• EXERCISE DESCRIPTION
Would you repeat each line below exactly, without the pictures?

• GIVEN MATERIAL
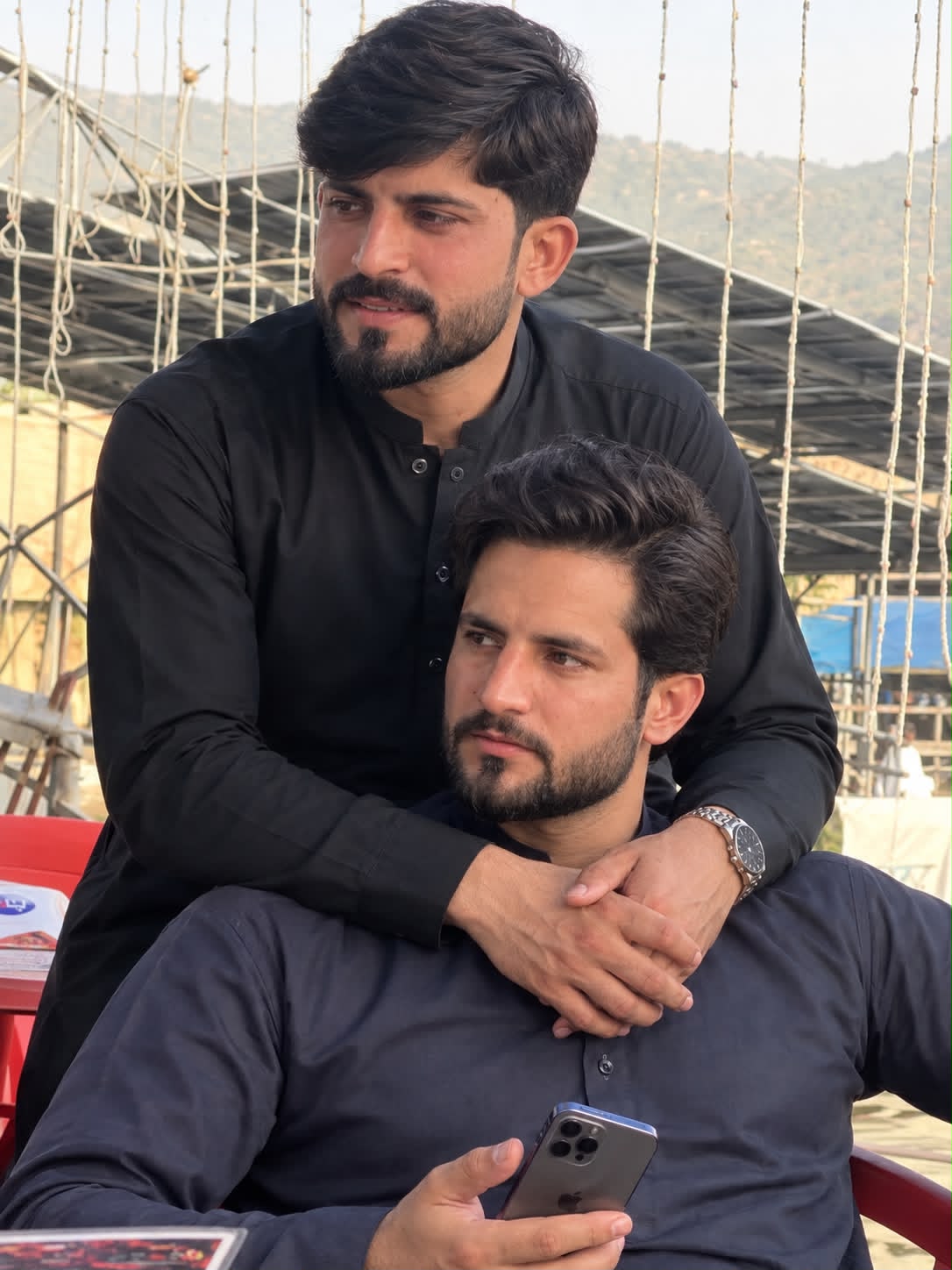 @FaZaL WaHaB 50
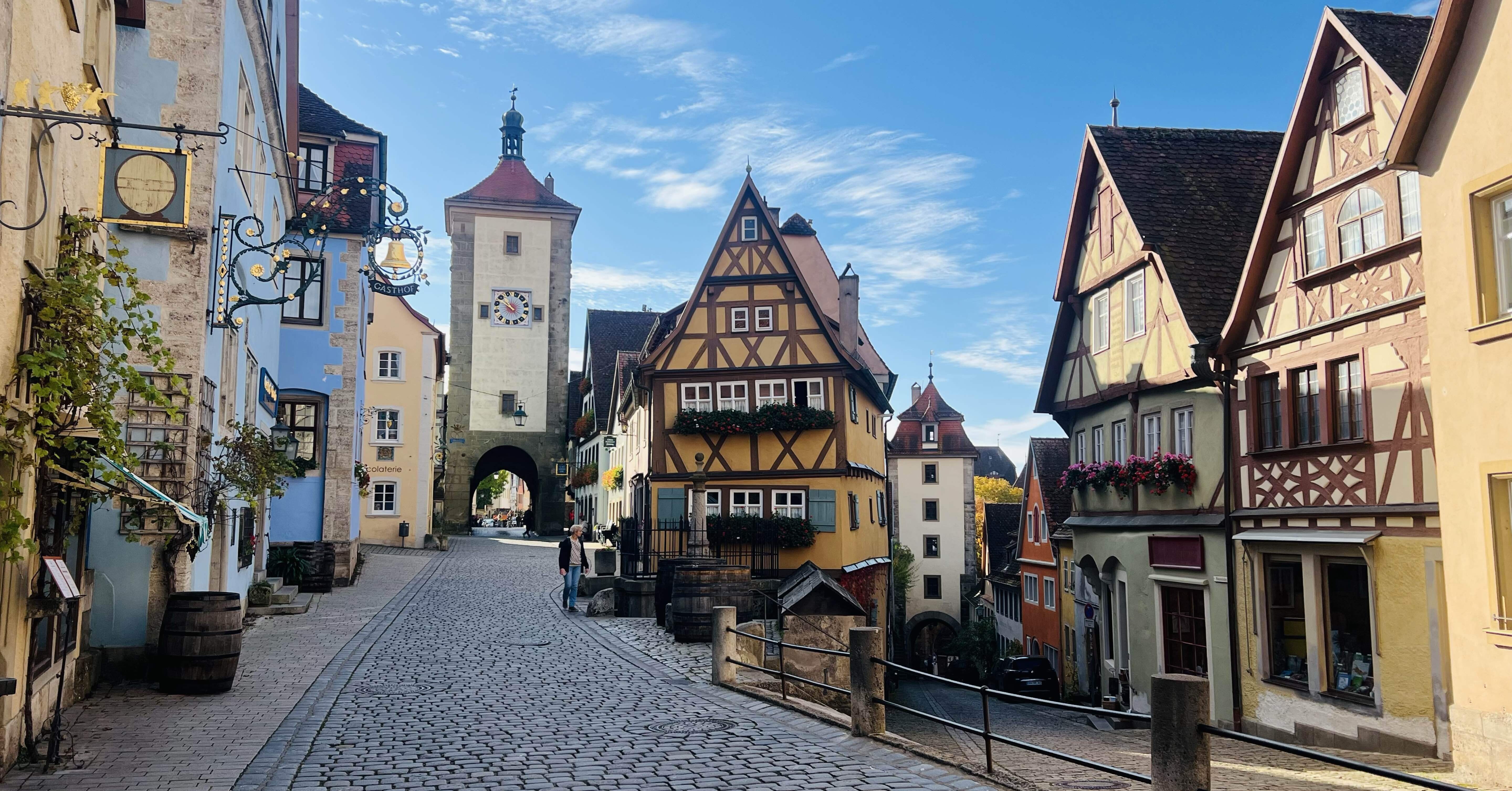 93d69ba26e05aff0dce0e138170a64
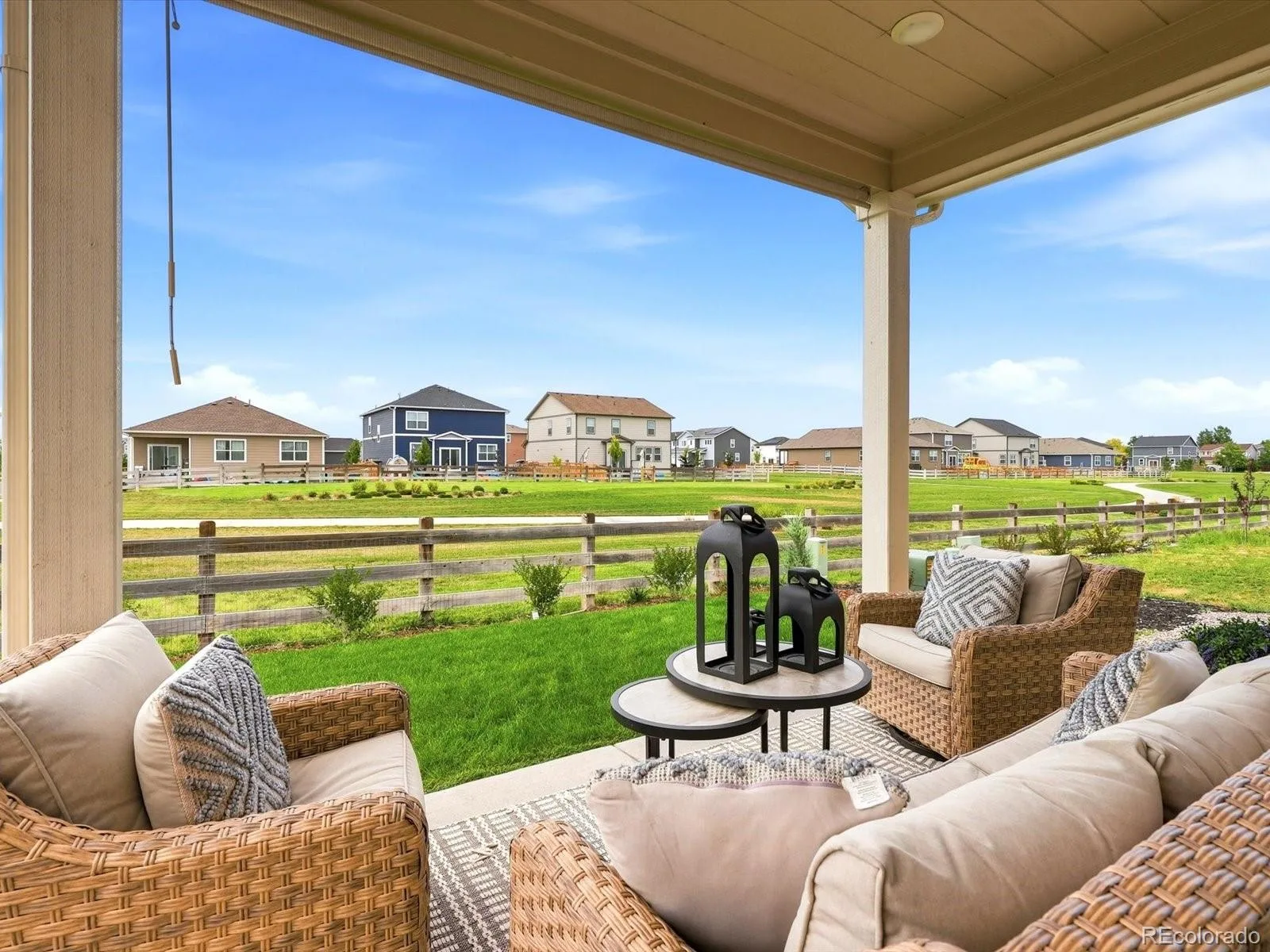 305 Baler Court Brighton CO 80601 | MLS #REC4013486 08252026215354 1600 5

• RESULT OF THE EXERCISE
 @FaZaL WaHaB 50
 93d69ba26e05aff0dce0e138170a64
 305 Baler Court Brighton CO 80601 | MLS #REC4013486 08252026215354 1600 5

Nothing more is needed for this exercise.